For instance, the ships can be driven primarily through software code and electronics, thus freeing up time and energy for an operator who does not need to manually control each small maneuver.

The Virginia-Class submarine are engineered with this “Fly-by-Wire” capability which allows the ship to quietly linger in shallow waters without having to surface or have each small move controlled by a human operator.
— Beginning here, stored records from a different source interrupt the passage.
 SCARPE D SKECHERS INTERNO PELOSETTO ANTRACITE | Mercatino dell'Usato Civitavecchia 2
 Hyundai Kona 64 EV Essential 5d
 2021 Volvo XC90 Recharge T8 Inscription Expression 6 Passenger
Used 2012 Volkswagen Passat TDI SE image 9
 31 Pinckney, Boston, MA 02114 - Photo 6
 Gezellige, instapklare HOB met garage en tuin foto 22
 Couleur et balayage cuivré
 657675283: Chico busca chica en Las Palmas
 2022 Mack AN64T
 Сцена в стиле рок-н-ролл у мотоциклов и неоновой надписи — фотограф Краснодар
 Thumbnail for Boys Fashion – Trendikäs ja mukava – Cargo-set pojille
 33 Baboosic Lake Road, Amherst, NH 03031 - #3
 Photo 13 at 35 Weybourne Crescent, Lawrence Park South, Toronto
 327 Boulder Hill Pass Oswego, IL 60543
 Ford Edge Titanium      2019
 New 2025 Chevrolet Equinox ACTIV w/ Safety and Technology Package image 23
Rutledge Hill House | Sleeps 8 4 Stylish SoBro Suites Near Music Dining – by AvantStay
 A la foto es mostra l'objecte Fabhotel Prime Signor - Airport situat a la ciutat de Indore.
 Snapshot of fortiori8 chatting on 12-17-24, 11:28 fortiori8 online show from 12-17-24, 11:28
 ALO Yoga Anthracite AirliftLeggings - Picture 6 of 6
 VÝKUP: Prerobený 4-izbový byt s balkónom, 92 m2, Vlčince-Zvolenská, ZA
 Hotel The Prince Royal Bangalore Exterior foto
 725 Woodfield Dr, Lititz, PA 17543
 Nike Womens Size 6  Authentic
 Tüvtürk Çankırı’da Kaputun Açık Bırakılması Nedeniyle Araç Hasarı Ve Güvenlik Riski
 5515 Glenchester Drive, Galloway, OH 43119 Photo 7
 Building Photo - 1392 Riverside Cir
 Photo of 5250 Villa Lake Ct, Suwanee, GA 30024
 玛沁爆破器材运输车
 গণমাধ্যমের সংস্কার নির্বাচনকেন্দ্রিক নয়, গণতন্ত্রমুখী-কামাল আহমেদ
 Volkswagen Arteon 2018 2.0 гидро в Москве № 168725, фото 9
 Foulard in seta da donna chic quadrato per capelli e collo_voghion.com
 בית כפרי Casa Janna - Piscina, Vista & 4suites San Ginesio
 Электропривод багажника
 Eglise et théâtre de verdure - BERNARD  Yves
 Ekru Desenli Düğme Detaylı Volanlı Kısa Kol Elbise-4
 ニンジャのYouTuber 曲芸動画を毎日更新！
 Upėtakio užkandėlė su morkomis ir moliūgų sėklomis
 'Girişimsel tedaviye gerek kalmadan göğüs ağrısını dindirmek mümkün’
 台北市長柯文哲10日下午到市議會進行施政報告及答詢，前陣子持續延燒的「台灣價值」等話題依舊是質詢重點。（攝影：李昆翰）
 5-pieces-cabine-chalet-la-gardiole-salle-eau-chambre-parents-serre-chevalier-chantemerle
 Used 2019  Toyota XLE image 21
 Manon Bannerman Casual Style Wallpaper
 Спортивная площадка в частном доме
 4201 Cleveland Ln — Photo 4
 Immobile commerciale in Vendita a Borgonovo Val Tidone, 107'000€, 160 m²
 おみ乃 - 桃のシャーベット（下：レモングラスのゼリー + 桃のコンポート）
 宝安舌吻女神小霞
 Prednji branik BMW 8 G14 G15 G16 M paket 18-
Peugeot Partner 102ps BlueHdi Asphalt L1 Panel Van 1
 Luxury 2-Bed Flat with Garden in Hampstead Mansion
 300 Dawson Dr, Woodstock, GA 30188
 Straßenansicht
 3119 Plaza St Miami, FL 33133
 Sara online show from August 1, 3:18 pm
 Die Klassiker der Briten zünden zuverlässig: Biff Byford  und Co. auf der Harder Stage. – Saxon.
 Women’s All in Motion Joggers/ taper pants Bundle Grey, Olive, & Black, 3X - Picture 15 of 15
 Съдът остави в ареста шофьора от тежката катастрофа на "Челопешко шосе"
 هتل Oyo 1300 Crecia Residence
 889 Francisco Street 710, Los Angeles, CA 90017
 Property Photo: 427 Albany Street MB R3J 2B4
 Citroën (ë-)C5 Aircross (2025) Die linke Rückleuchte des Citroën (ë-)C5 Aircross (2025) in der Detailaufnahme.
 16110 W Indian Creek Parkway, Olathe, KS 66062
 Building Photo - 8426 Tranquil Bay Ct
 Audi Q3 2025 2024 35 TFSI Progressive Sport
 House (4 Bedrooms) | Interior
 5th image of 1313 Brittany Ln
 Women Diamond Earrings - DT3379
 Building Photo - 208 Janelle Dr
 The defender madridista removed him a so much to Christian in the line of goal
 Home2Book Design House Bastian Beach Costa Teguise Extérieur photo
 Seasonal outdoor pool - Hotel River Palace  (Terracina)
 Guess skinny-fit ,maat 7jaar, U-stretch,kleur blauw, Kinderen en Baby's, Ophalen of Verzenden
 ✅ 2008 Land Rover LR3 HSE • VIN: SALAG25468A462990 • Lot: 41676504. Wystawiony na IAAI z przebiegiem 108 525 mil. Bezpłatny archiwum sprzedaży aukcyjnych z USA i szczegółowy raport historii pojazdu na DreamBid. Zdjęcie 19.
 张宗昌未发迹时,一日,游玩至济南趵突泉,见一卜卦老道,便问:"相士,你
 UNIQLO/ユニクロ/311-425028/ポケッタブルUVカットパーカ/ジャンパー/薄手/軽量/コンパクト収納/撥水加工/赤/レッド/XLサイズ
With this technology, a human operator will order depth and speed, allowing software to direct the movement of the planes and rudder to maintain course and depth. 

Also, unlike their predecessor-subs, Virginia-Class subs are engineered with what’s called a “Lock Out Trunk” – a compartment in the sub which allows special operations forces to submerge beneath the water and deploy without requiring the ship to surface.

Unlike their “SSBN” Columbia-Class counterparts to be armed with nuclear weapons, the Virginia-Class “SSN” ships are purely for conventional attack, Navy officials said.

Development of Virginia-Class submarines are broken up into procurement “Blocks.” Blocks I and II have already been delivered. 

The Block III subs, now under construction, are being built with new so-called Virginia Payload Tubes designed to lower costs and increase capability.

Instead of building what most existing Virginia-Class submarines have -- 12 individual 21-inch in diameter vertical launch tubes able to fire Tomahawk missiles – the Block III submarines are being built with two larger 87-inch in diameter tubes able to house six Tomahawk missiles each.

Although the new tubes were conceived and designed as part of what the Navy calls its “Design for Affordability” strategy to lower costs, the move also brings strategic advantages to the platform, service officials say.  Specifically, this means that the submarines are constructed such that they will be able to accommodate new technologies as they emerge - this could mean engineering in an ability to fire upgraded Tomahawk missiles or other weapons which may emerge in the future. 

"VCS are designed to remain current with technology advances for their entire operational life through extensive use of modular construction, open architecture design (uses industry common design), and commercial off-the-shelf components," Chatmas said. 

The Block III Virginia-Class submarines also have what’s called a Large Aperture Bow conformal array sonar system – designed to send out an acoustic ping, analyze the return signal, and provide the location and possible contours of enemy ships, submarines and other threats.

Virginia-Class Block V - Virginia Payload Modules

For Block V construction, the Navy is planning to insert a new 84-foot long section designed to house additional missile capability.  “Virginia Payload Modules.”

The Virginia Payload Modules, to come in future years, will increase the Tomahawk missile firepower of the submarines from 12 missiles up to 40.

"The VPM submarines will have an additional (approximately 84 feet) section with four additional Virginia Payload Tubes (VPTs), each capable of carrying seven Tomahawk cruise missiles, for a ship total of 40 Tomahawks," Chatmas said.

The idea is to have additional Tomahawk or other missile capability increased by 2026, when the “SSGN” Ohio-Class Guided Missile Submarines start retiring in larger numbers, he explained.

Early prototyping work on the Virginia Payload Modules is already underway and several senior Navy leaders, over the years, have indicated a desire to accelerate production and delivery of this technology – which will massively increase fire-power on the submarines.

While designed primarily to hold Tomahawks, the VPM missile tubes are engineered such that they could accommodate a new payload, new missile or even a large unmanned underwater vehicle, Navy officials said.

The reason for the Virginia Payload Modules is clear; beginning in the 2020s, the Navy will start retiring four large Ohio-class guided-missile submarines able to fire up to 154 Tomahawk missiles each. This will result in the Navy losing a massive amount of undersea fire power capability, Navy officials explained.

From 2002 to 2008 the U.S. Navy modified four of its oldest nuclear-armed Ohio-class submarines by turning them into ships armed with only conventional missiles -- the USS Ohio, USS Michigan, USS Florida and USS Georgia. They are called SSGNs, with the “G” designation for “guided missile.”